Ostatnio jakoś jadam całkiem sporo kurczaka, więc pewnie jeszcze kilka przepisów na podobne dania dodam. Patrząc na tą potrawę, przypomina mi się knajpa w której pracowałem w Amsterdamie. Tam jednak jedzenie ani świeże, ani specjalnie smaczne nie było. Były za to całkiem niezłe napiwki i egipscy "szefowie kuchni" dostarczający wielu wrażeń.. Ale nie o tym tu miało być. Do naszego smaczniejszego i znacznie świeższego burgera potrzebne nam będą:
- 1 filet z kurczaka
- 1 świeża ciabatta
- pomidor
- zielony ogórek
- czerwona cebula
- sałata lodowa
- ser topiony Cheddar
Marynata:
- 1 kostka rosołowa (drobiowa - chyba, że chcemy by nasz kurczak smakował jak wołowina, wtedy używamy innego smaku, takie czary proponuje jednak zostawić wujowi McDonaldowi)
- słodka papryka
- chilli
- pieprz
Fileta kroimy wzdłuż, tak by uzyskać 2 cieńsze filety. Kostkę rozcieramy z oliwą (tak, dokładnie tak jak robią to w tv), dodajemy sporo papryki, pieprz. Dorzucamy kurczaka i na godzinkę wkładamy do lodówki.
Sos czosnkowy:
- 2 łyżki jogurtu naturalnego
- 1 czubata łyżka majonezu
- 1 ząbek czosnku
- sól, pieprz
- szczypta cukru brązowego
- pół łyżeczki posiekanego szczypiorku
Czosnek przecieramy przez praskę, posypujemy solą i delikatnie rozcieramy. Wszystkie składniki łączymy i odstawiamy do lodówki. Początkowo smak czosnku nie będzie tak intensywny, po czasie jednak będzie go czuć zdecydowanie bardziej, dlatego też nie szalejemy z ilością.

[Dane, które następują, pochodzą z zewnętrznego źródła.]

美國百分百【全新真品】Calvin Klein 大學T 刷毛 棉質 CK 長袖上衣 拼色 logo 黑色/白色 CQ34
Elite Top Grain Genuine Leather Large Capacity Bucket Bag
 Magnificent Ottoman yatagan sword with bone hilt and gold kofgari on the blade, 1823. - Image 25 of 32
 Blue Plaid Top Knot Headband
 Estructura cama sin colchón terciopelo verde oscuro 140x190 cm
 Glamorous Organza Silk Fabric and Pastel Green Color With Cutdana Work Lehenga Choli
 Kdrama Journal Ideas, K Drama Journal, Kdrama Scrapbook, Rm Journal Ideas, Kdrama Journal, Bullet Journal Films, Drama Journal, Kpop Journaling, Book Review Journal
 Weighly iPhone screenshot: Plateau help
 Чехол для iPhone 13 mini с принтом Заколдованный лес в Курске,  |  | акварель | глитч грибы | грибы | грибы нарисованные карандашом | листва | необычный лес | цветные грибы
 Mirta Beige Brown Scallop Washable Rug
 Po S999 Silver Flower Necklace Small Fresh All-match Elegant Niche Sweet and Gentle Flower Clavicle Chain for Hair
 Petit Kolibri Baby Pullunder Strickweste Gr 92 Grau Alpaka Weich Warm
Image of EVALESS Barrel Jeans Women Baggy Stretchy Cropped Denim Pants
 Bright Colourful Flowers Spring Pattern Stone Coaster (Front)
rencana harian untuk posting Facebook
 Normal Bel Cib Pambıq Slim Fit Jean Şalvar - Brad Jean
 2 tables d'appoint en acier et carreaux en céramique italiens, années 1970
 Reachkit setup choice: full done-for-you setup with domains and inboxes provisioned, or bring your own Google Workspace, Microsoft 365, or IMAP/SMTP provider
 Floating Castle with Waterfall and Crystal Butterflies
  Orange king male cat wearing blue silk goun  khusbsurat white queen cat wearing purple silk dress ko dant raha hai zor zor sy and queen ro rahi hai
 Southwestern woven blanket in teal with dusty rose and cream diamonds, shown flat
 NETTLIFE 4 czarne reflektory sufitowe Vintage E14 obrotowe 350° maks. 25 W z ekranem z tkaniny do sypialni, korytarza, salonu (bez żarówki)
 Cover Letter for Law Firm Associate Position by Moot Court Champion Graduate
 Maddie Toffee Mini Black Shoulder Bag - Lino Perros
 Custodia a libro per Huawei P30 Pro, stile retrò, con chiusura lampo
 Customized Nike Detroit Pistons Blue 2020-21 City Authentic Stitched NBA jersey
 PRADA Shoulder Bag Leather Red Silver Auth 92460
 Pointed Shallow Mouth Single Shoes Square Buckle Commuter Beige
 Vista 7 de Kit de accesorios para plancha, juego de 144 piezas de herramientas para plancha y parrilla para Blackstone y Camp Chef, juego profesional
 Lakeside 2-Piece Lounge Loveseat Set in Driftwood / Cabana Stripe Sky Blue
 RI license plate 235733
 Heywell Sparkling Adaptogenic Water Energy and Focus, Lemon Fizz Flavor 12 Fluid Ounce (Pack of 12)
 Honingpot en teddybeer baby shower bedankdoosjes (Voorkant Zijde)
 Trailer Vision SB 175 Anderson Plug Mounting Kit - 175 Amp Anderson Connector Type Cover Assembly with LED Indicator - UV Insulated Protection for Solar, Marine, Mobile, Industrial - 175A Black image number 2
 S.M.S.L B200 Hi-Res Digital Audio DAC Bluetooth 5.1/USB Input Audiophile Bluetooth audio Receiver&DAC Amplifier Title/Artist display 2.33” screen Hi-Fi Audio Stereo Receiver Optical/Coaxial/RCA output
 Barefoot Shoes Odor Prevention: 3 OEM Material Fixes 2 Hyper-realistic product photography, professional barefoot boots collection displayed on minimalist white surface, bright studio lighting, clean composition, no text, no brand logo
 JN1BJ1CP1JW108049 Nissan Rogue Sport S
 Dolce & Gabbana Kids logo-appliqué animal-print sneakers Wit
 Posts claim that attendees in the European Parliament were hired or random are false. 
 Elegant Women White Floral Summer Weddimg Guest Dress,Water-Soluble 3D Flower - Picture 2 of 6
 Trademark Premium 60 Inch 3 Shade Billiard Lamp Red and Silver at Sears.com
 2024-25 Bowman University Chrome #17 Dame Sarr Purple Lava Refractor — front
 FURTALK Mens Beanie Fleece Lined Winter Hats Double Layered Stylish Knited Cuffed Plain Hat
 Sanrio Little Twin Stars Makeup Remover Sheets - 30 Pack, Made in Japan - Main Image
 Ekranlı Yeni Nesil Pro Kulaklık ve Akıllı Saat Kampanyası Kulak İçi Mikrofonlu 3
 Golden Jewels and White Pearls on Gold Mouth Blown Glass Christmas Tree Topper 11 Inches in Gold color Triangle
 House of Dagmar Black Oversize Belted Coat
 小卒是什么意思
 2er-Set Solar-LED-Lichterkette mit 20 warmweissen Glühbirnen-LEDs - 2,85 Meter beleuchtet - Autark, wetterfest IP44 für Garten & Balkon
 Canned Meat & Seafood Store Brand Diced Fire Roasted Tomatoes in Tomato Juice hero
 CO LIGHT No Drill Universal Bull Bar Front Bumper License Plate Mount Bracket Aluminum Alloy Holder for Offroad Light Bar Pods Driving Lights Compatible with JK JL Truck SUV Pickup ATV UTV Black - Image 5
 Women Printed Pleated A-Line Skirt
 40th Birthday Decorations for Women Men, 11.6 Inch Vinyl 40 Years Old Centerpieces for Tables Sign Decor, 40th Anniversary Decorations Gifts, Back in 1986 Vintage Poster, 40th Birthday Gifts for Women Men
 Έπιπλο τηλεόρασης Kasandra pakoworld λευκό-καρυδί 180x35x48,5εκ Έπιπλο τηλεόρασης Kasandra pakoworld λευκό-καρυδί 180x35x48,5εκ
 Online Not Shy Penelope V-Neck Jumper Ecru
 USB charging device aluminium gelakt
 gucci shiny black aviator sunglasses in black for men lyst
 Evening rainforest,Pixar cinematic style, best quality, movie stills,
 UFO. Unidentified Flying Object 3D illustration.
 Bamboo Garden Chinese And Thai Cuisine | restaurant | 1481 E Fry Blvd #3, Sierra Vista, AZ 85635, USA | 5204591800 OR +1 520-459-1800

Ciabattę kroimy wzdłuż, składamy, owijamy folią i wrzucamy do ciepłego piekarnika na parę minut. Jeśli buła jest świeża, wystarczy tylko, że lekko się podgrzeje. Cebulę, pomidora, ogórka ktoimy w cienkie paski. Kurczaka grillujemy lub smażymy na małej ilości oliwy, po około 2-3 minuty z każdej strony (dlatego lepiej, by filety były cienkie). Chwile przed końcem smażenia, na filety kładziemy plasterek sera. W tym czasie wyciągamy ciabattę. Otwieramy, układamy gorące mięsko z lekko roztopionym serem, porwaną sałatę, pomidora, ogórek, cebulę. Na koniec polewamy sosem czosnkowym, zamykamy, delikatnie (!) dociskając. Możemy pałaszować w całości, lub przebić kanapkę patyczkami do szaszłyków i przekroić na pół (jedynie jeśli mamy ostry nóż i nieco wprawy w krojeniu, w przeciwnym wypadku z burgera zrobi nam się majestatyczna sałatka).